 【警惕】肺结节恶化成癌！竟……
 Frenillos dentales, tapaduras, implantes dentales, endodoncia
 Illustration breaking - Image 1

+--

Task description:
Only an exact copy is wanted here: the line containing "Frenillos dentales, tapaduras, implantes" and every later line, up to and including the last line of the listing.

Output for this task:
 Frenillos dentales, tapaduras, implantes dentales, endodoncia
 Illustration breaking - Image 1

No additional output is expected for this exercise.